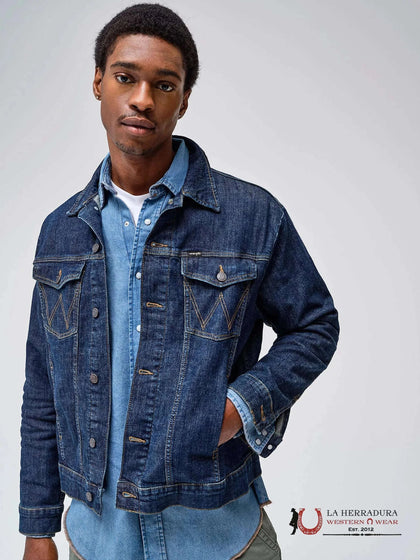 Chaqueta vaquera Wrangler® Classic para hombre en lavado oscuro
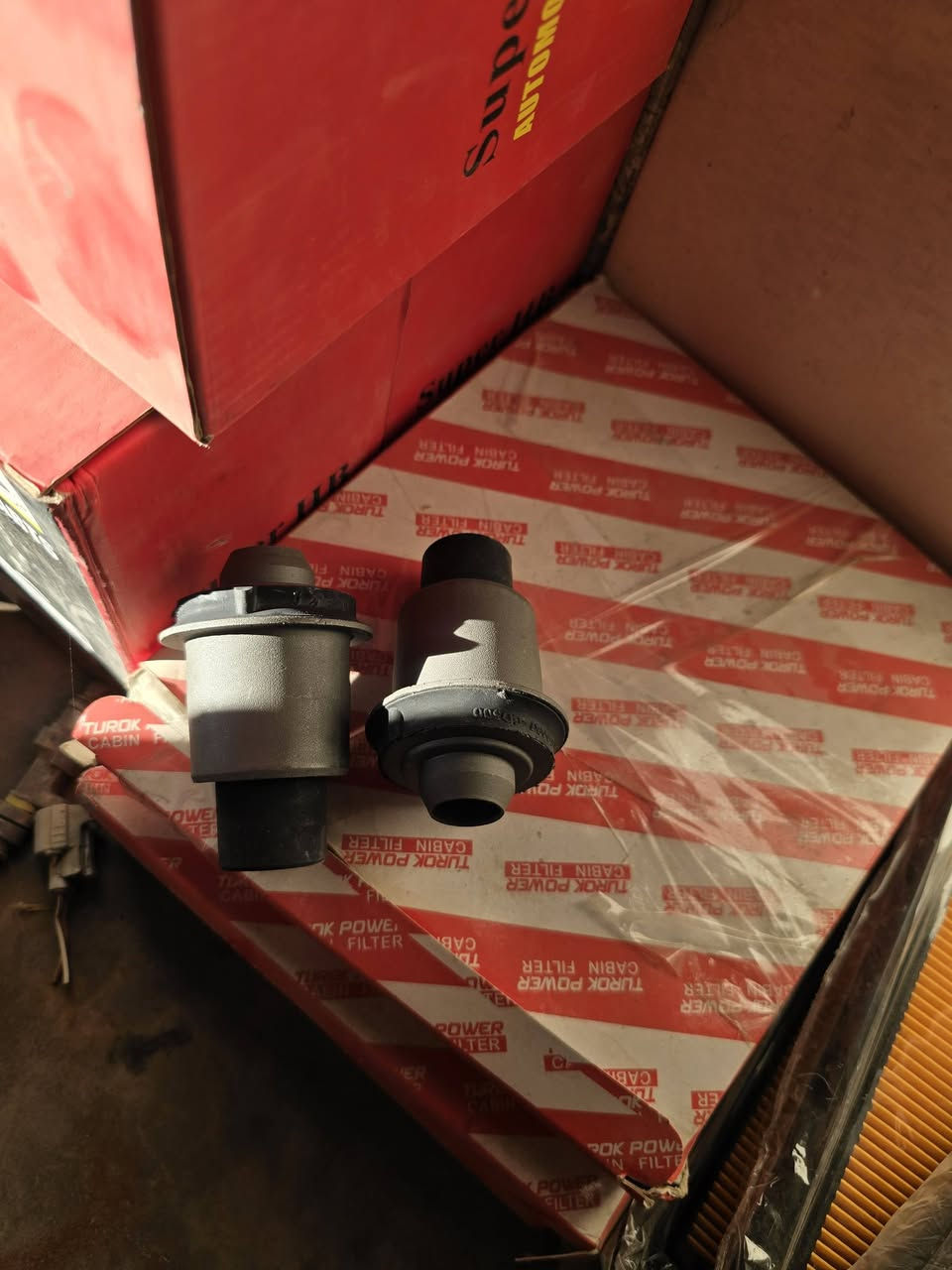 تك لايت تفصيخ ٣٥ بس سائق 
بك لايت ٤٠ بس صفحت سكن
بدنه ٢٠
تانكي بانزين ٧٠
مروحه ٢٥
راديتر ٢٠
يده لايت ٢٠
قبق راديتر ٥
ولف حماوه ٥
سلف ١٥
زاويه ركن جام ١٠
دعاميه اماميه ٧٠
دسكات اصلي ٢٠
شمعات ١٥
اذان الطويله ١٥
اذان هيدروليكيه ٣٥
فلتر شوته ٥
بوش فرام ممه زوج ٢٠
طوافه فيرسا ١٥
كل الغراظ عليه تخفيظ 
***********
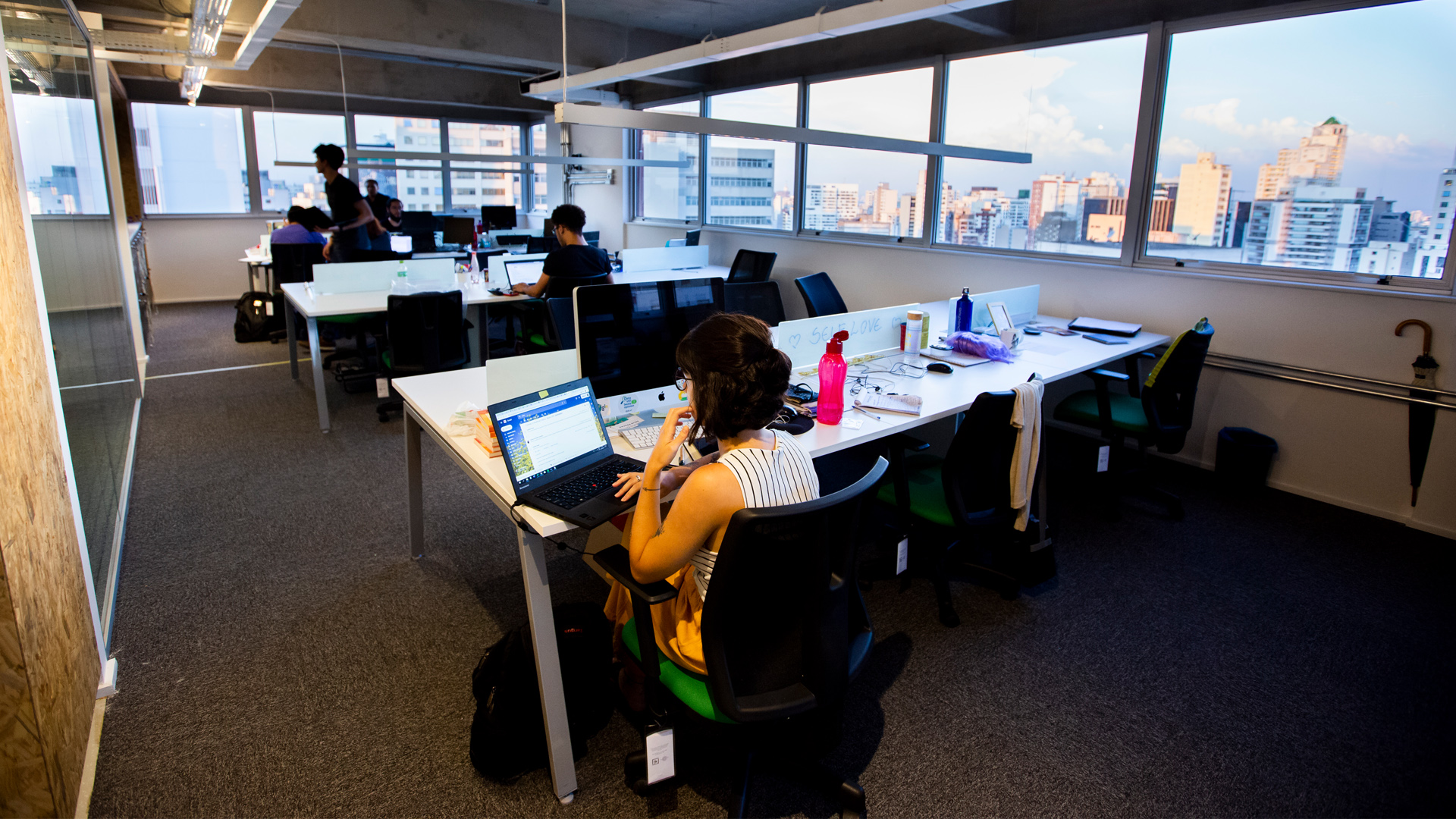 DP6 está com 28 vagas abertas para trabalho híbrido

######

> **Exercise directions**
Would you retype the entries above in full, exactly as written, minus the pictures?

> **Result for this exercise**
 Chaqueta vaquera Wrangler® Classic para hombre en lavado oscuro
 تك لايت تفصيخ ٣٥ بس سائق 
بك لايت ٤٠ بس صفحت سكن
بدنه ٢٠
تانكي بانزين ٧٠
مروحه ٢٥
راديتر ٢٠
يده لايت ٢٠
قبق راديتر ٥
ولف حماوه ٥
سلف ١٥
زاويه ركن جام ١٠
دعاميه اماميه ٧٠
دسكات اصلي ٢٠
شمعات ١٥
اذان الطويله ١٥
اذان هيدروليكيه ٣٥
فلتر شوته ٥
بوش فرام ممه زوج ٢٠
طوافه فيرسا ١٥
كل الغراظ عليه تخفيظ 
***********
 DP6 está com 28 vagas abertas para trabalho híbrido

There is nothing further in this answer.